Geçmişi Zihinlerden Okumak: Bir Düğün Gecesi

Bir Düğün Gecesi, Adalet Ağaoğlu'nun Dar Zamanlar adı verilen üçlemesinin ikinci kitabı olarak 1979 yazdığı romanı. Roman, serinin ilk kitabı olan Ölmeye Yatmak'ın bir devamı niteliğinde. Ölmeye Yatmak 1973 yılında kaleme alınr. Dolayıyla Dar Zamanlar'ın bu iki kitabı arasına altı yıllık bir zaman dilimi girer. Dizinin üçüncü ve son kitabı Hayır ise 1987 yılında yazılır. Üçleme, Türkiye'nin yakın toplumsal tarihini el alır. Darbeler ve muhtıralarla geçen ve antidemokratik uygulamalara sahne olan bu yıllar düşünüldüğünde "Dar Zamanlar"ın bu üçlemeye başlık olarak seçilmiş olması önemli.

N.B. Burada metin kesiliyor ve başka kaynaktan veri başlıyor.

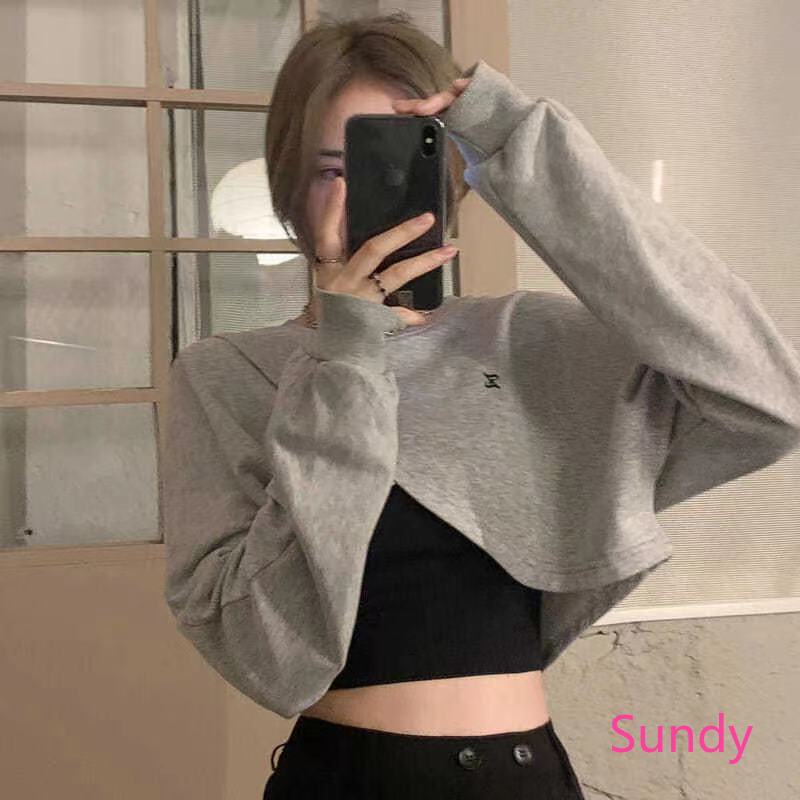 Set Áo Tay Dài Phối Dây Chéo Thời Trang Mùa Hè Cá Tính Cho Nữ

Bir Düğün Gecesi, adından da anlaşılacağı üzere zamansal açıdan Ayşen ile Ercan'ın düğünün yapıldığı gece odaklı kurgulanır. Fakat kurgu zamanı yalnızca düğün gecesi ile sınırlı değil, geri dönüş tekniği kullanılarak zamanda geriye dönüşler yapılır. Bu tekniğin kullanılması da romana zamanın kullanımı açısından zenginlik katarken diğer yandan da bir geceye sığamayacak ve örgüye eklenmeyecek olayların  kurguya dahil edilmesine imkân tanır.

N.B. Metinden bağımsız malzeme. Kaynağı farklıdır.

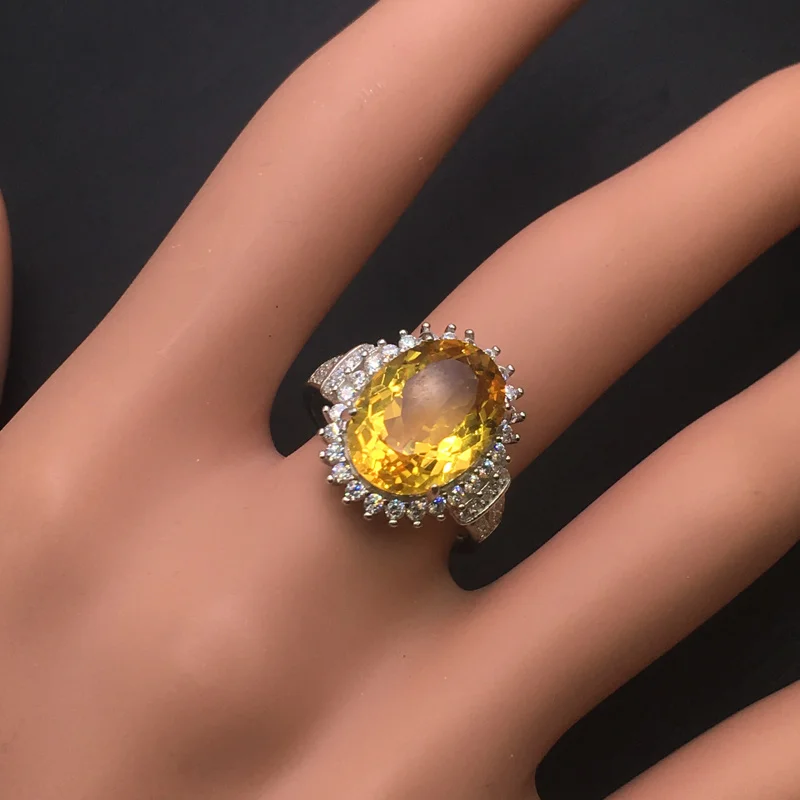 Кольца женские регулируемые из серебра 925 пробы с желтым кварцем 10 х14 мм CSJ для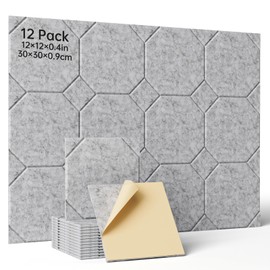 Woovio 12 Pack Soundproof Wall Panels, Self-Adhesive Acoustic Panels, 12"X12"X0.4" Sound Proof Foam Panels for Walls, Door, Ceiling, Home Office Recoding Studio Gray
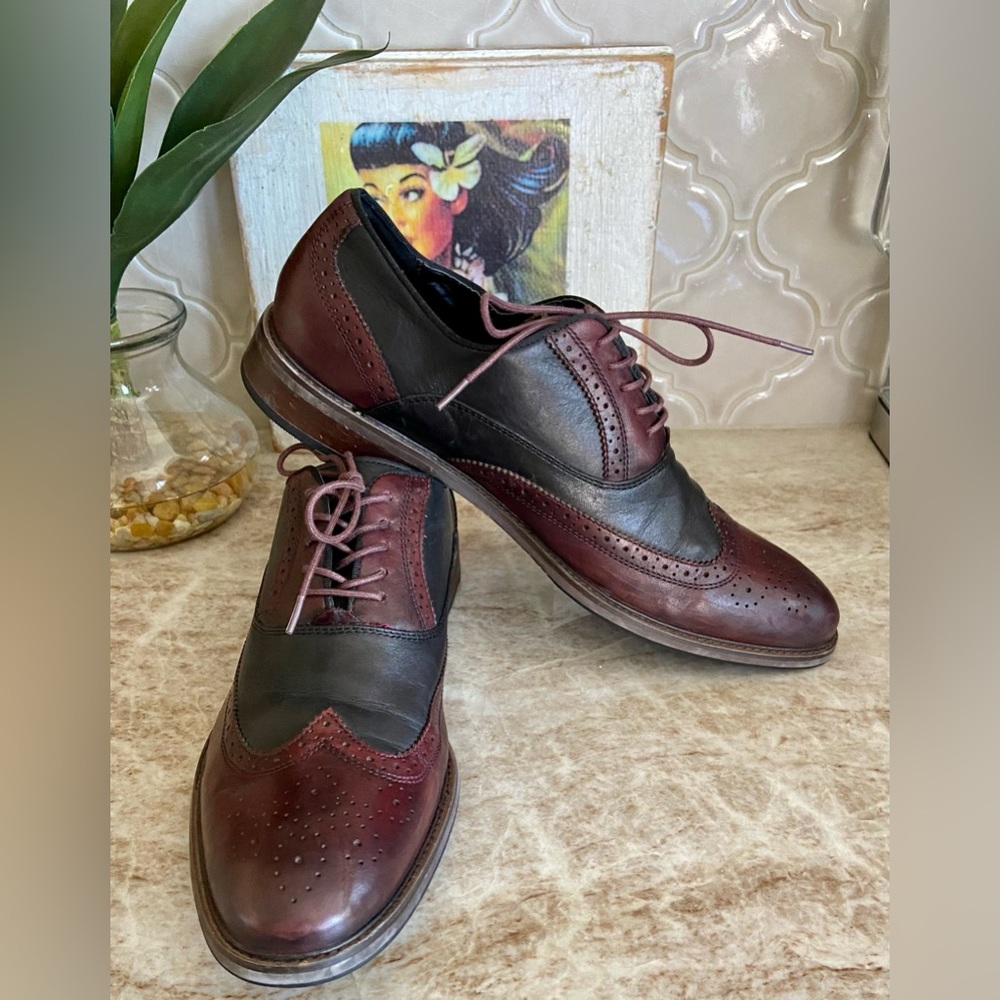 🟣 MENS ALDO LEATHER TWO TONE WINGTIP DRESS SHOES - WORN ONCE 🟣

Ölmeye Yatmak'taki karakter kadrosu, birkaç eksik dışında ve birkaç ekleme ile Bir Düğün Gecesi'nde de bulunur. Ölmeye Yatmak romanının başat anlatıcılarından olan Aysel bu romanda anlatıcılık rolünü diğer karakterlere devreder. Bir Düğün Gecesi'nin başat anlatıcıları Aysel'in kocası Ömer ve yine Aysel'in kız kardeşi Tezel olur. Düğünü olan ise Aysel'in kardeşi İlhan'ın kızı Ayşen'dir. Ölmeye Yatmak'taki bazı karakterler vefat etmiş, bazıları aileden kopmuş, bazıları yaşlanmış ve bazıları da büyümüştür. Hem bir seri olması hem de karakterlerin geçmişlerinin önemi açısından Bir Düğün Gecesi'nden önce Ölmeye Yatmak romanının okunması gerekir.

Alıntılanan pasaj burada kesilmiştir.